DATA FOR ANALYSIS.
☆ ☆ ☆ ☆

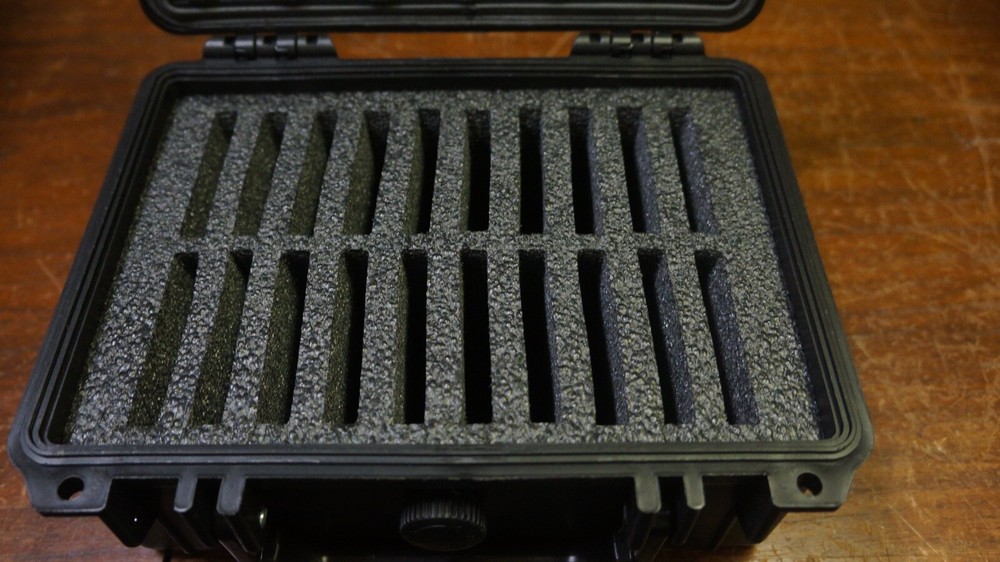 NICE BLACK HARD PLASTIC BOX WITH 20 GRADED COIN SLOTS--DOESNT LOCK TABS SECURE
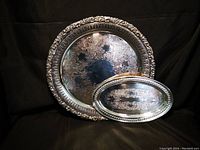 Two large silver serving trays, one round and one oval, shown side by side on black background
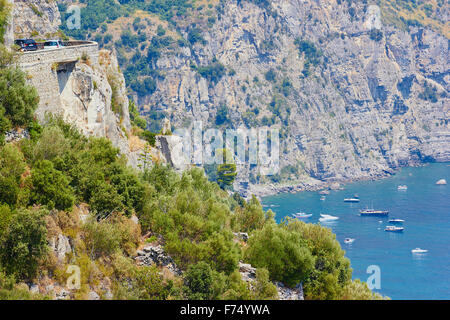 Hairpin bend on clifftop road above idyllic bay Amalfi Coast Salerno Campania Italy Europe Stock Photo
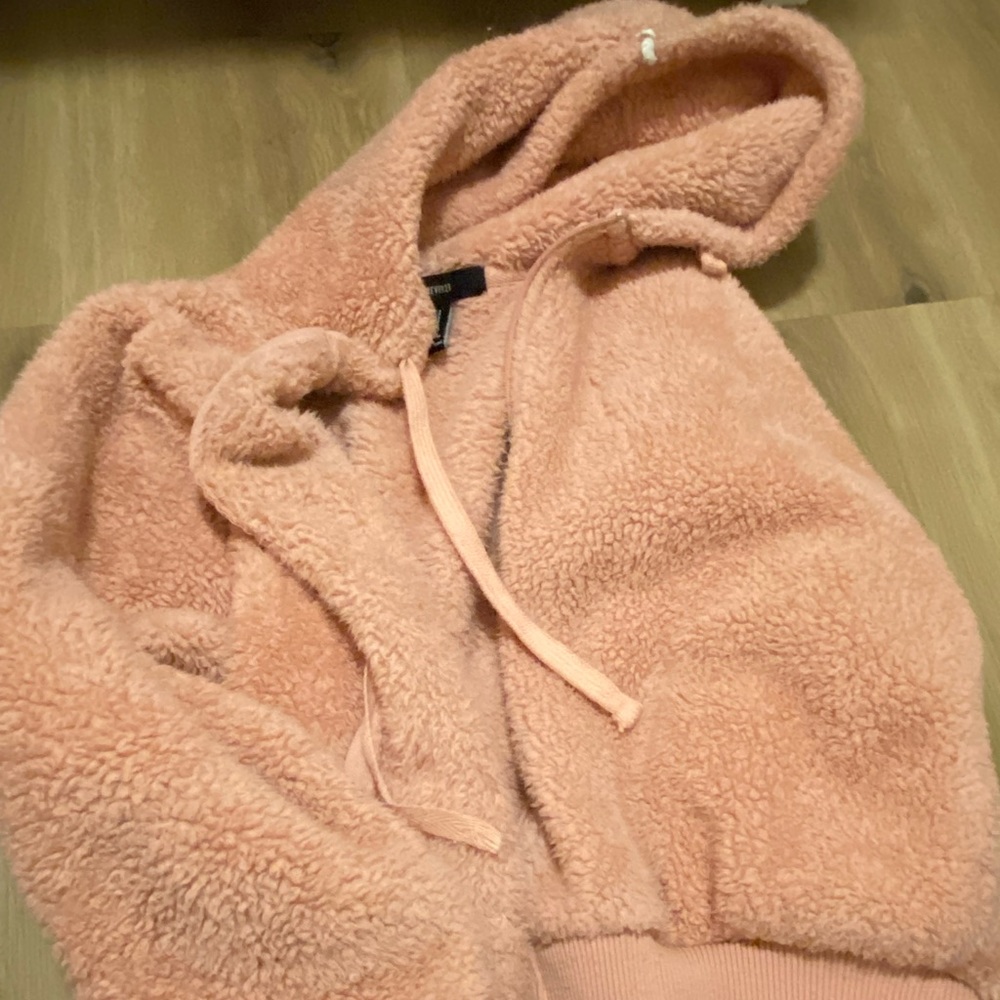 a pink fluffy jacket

☆ ☆ ☆ ☆

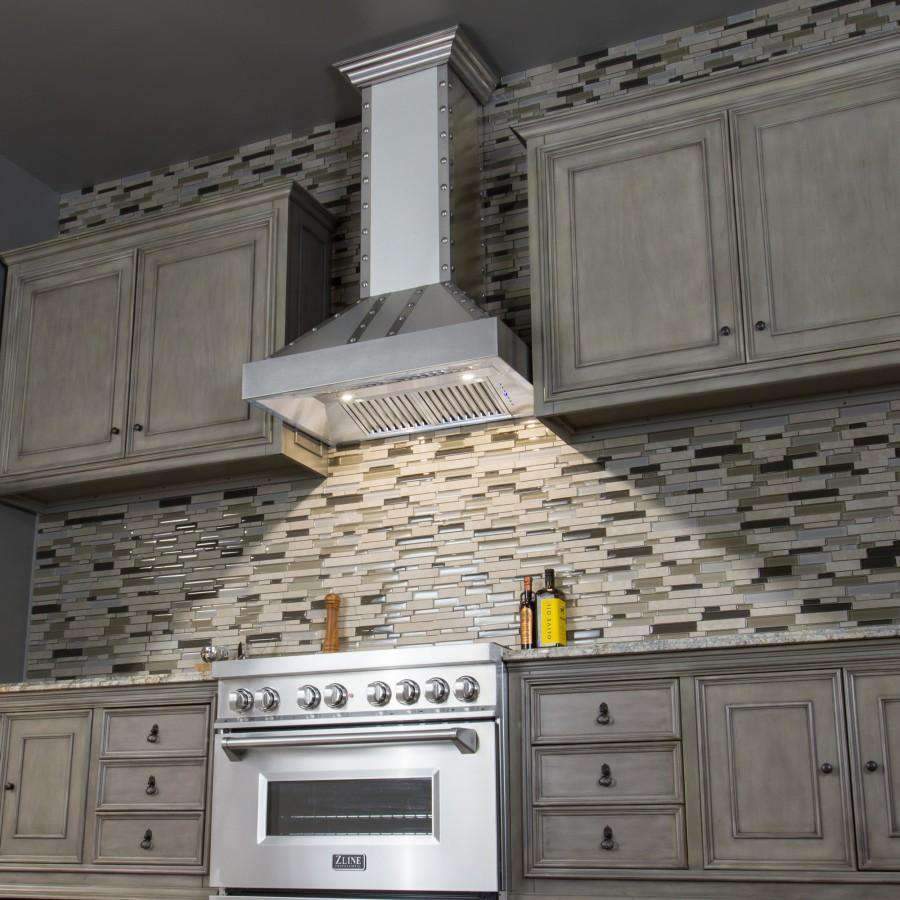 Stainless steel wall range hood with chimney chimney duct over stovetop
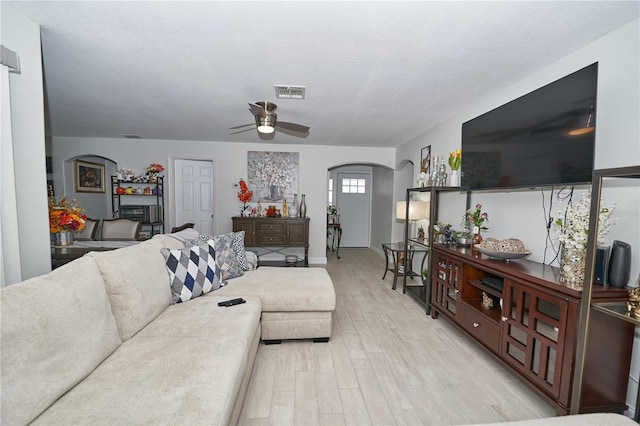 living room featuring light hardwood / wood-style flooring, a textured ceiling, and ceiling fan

☆ ☆ ☆ ☆

DIRECTIONS. Return the material from the line containing "Two large silver" through the line containing "a pink fluffy jacket", exactly and in full, but without its pictures.

ANSWER SPACE.
 Two large silver serving trays, one round and one oval, shown side by side on black background
 Hairpin bend on clifftop road above idyllic bay Amalfi Coast Salerno Campania Italy Europe Stock Photo
 a pink fluffy jacket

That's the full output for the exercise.